Fibrinogen, synthesized by the liver, is a major plasma protein that consists of pairs of 3 different polypeptide chains – α, β, and γ – that are joined by disulfide bonds to form a symmetric dimeric structure. Fibrinogen is directly involved in the clotting process as a clotting factor, and releases 2 fibrinopeptides (A and B) from the NH2 terminus of α and β chains cleavage by thrombin [70]. Fraction of fibrinogen α-chain or isoform was also found to be evaluated in many cancers such as ovarian cancer [71], breast cancer [72], urothelial cancer [73], gastric cancer [74], and other diseases such as urinary tract infection [75], Alzheimer’s disease [76], nephritic syndrome [77], and even HCV-related liver disease [78].

Haptoglobin (Hp) is a glycoprotein synthetized by the liver sorting within α-2 globulins at serum electrophoresis. It has antioxidant and immunomodulatory properties [79] and acts as a scavenger by stably binding free serum circulating hemoglobin that is released by hemolysis or normal RBC turnover. A previous study shows that Hp is classified as an acute-phase protein, the serum expression levels of which are increased with inflammation, infection, and several cancers [80].

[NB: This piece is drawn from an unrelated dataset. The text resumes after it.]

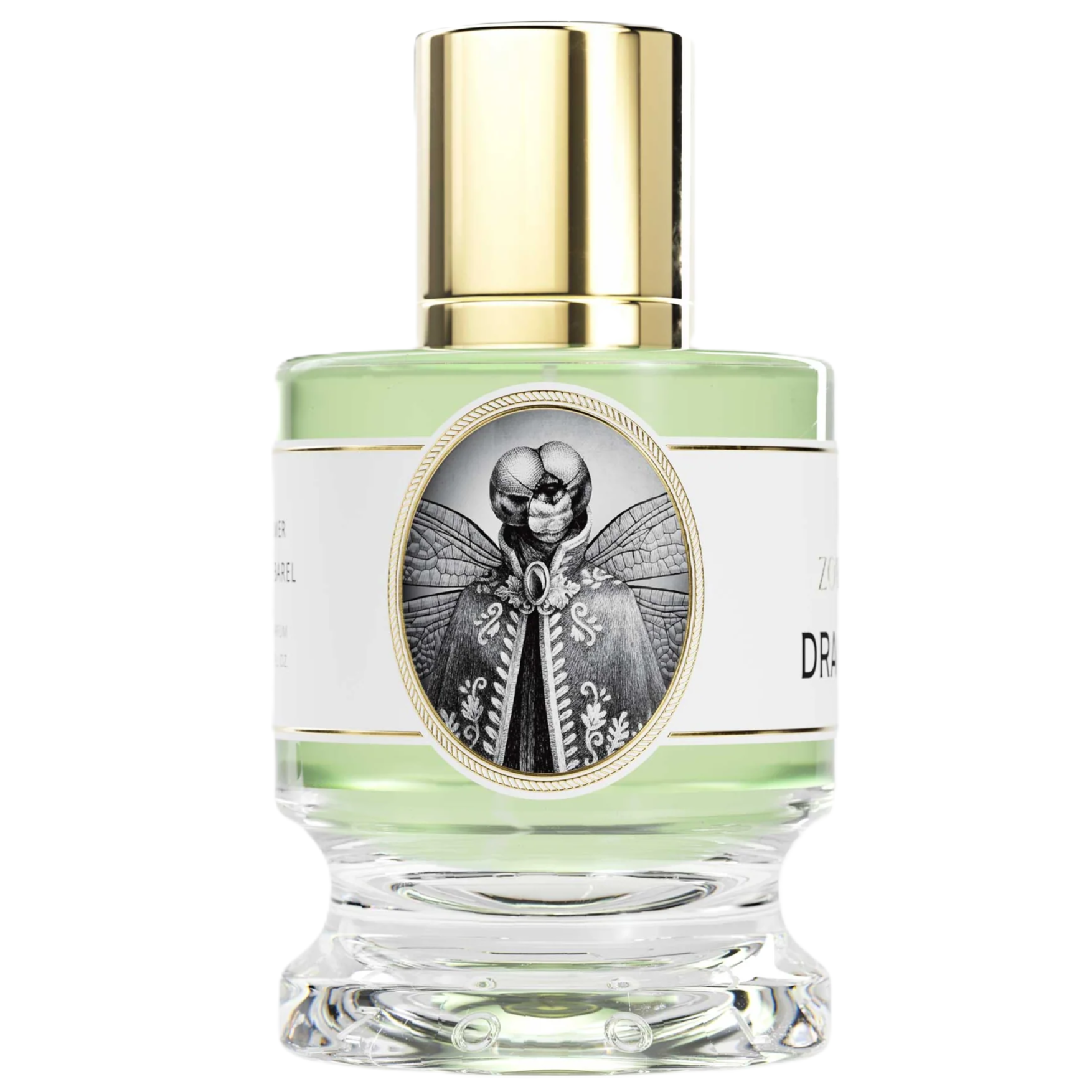 Zoologist Dragonfly Extrait de Parfum for Everyone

Kininogen-1 is a multifunctional protein that plays an important role in many pathophysiological processes [81], including fibrinolysis, thrombosis, and inflammation, and has a role in oncogenesis [82]. It was also demonstrated that kininogen-1 exhibits antiangiogenic properties and mediates inhibitory actions on the proliferation of endothelial cells [83]. Analyses of the urine proteome of patients with chronic pancreatitis [84] and interstitial cystitis [85] showed reduced KNG1 levels. It has been suggested that KNG1 is proteolyzed by neutrophils at inflammation sites. Lower levels of KNG1 are found in fibrosis/cirrhosis patients compared with non-fibrosis hepatitis C patients [86], indicating that KNG1 is directly related to the severity of impaired liver function.

Conclusions

In conclusion, the present study demonstrates that levels of CRP and fibrinogen-α are higher and levels of haptoglobin and kininogen-1 are lower in patients with IPF compared with those in healthy controls. CRP, fibrinogen-α chain, haptoglobin, and kininogen-1 may be useful candidate biomarkers for IPF. In addition, the present study provides an efficient approach for the differential analysis of IPF.